(Exercise objective) Copy each line below exactly as it appears. Pictures are to be omitted.

(Given data)
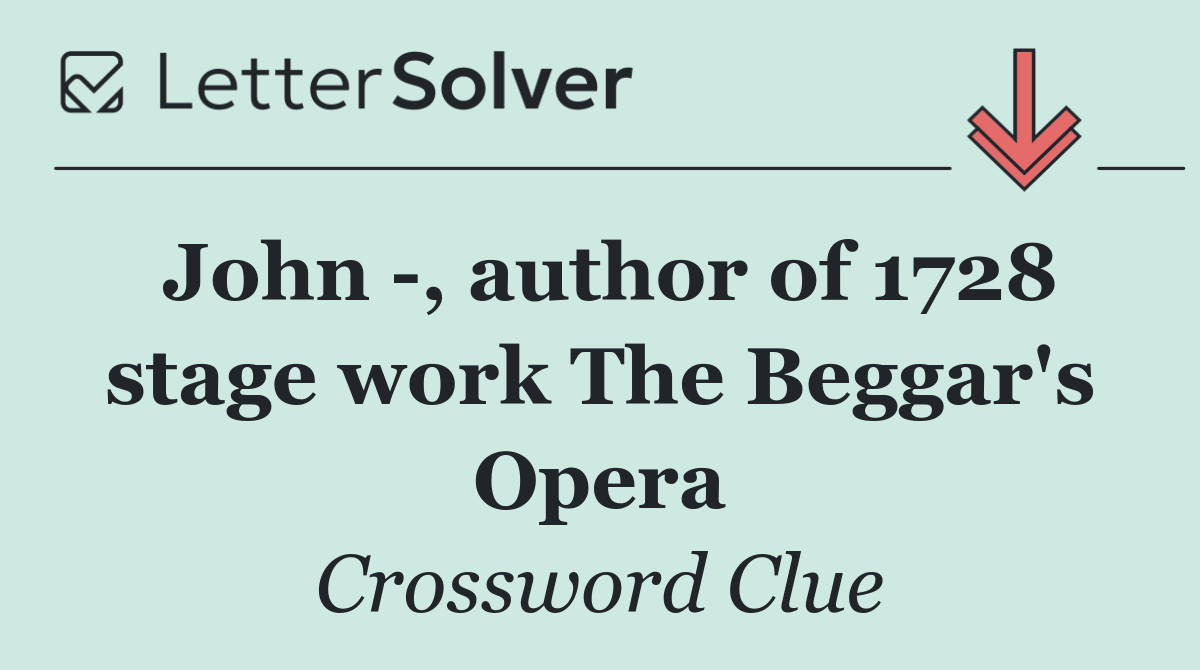 John  , author of 1728 stage work The Beggar's Opera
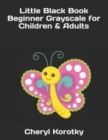 Little Black Book Beginner Grayscale for Children & Adults - Book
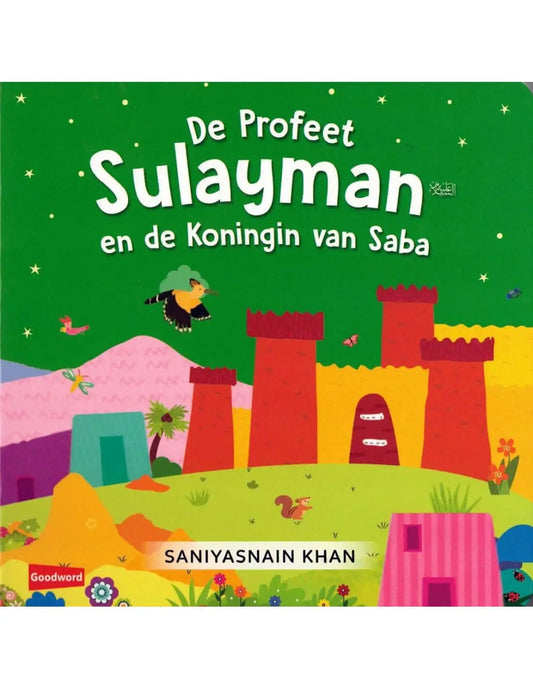 De Profeet Sulayman en de Koningin van Saba - Islamboekhandel.nl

(Task answer)
 John  , author of 1728 stage work The Beggar's Opera
 Little Black Book Beginner Grayscale for Children & Adults - Book
 De Profeet Sulayman en de Koningin van Saba - Islamboekhandel.nl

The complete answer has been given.